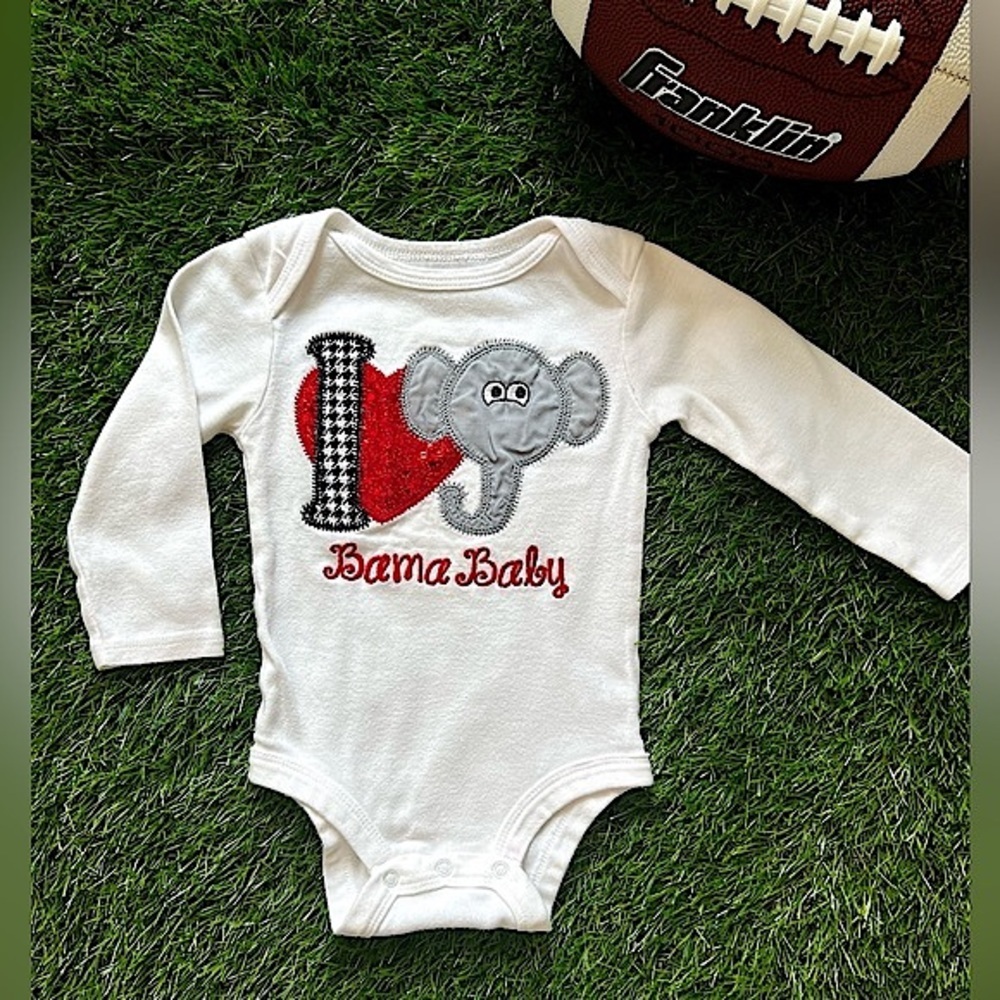 “Bama Baby” Long-Sleeve Appliqué Onesie - Size 6-9 mod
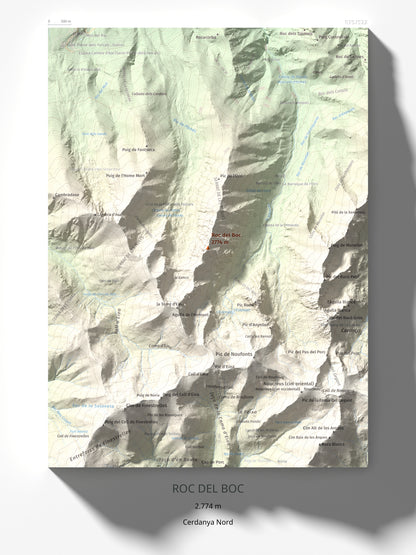 Mapa de relieve de Roc del Boc, 2774 m, Cerdanya Nord, lámina 100 Cims de Trobart 30 × 40 cm.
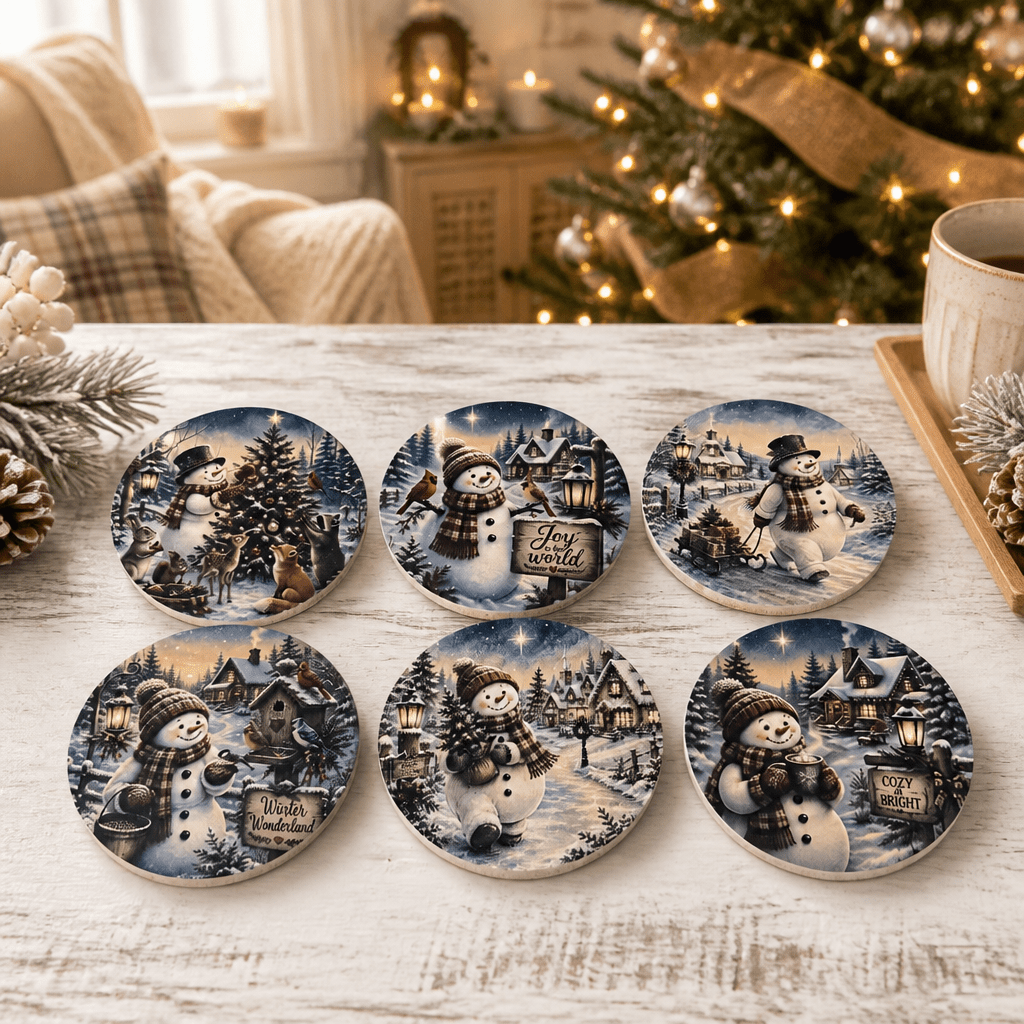 Whimsical Snowman Coaster Collection - The Cozy Beam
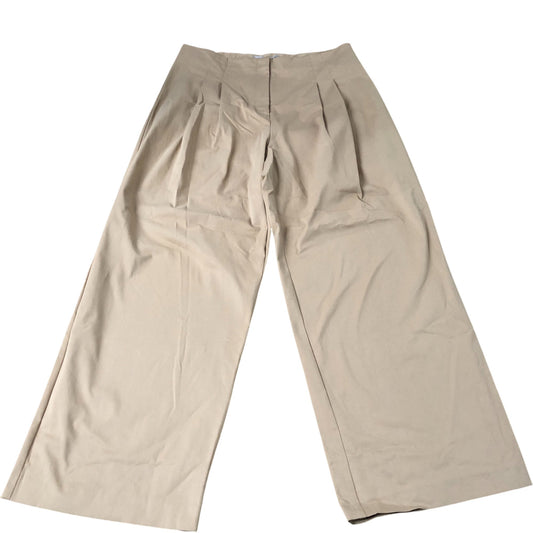 River Island Wide Leg Trousers Women's Tan High Waisted Size 18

Task directions
The material is to be written out word for word, and the pictures are to be left out.

Solution for this task
 “Bama Baby” Long-Sleeve Appliqué Onesie - Size 6-9 mod
 Mapa de relieve de Roc del Boc, 2774 m, Cerdanya Nord, lámina 100 Cims de Trobart 30 × 40 cm.
 Whimsical Snowman Coaster Collection - The Cozy Beam
 River Island Wide Leg Trousers Women's Tan High Waisted Size 18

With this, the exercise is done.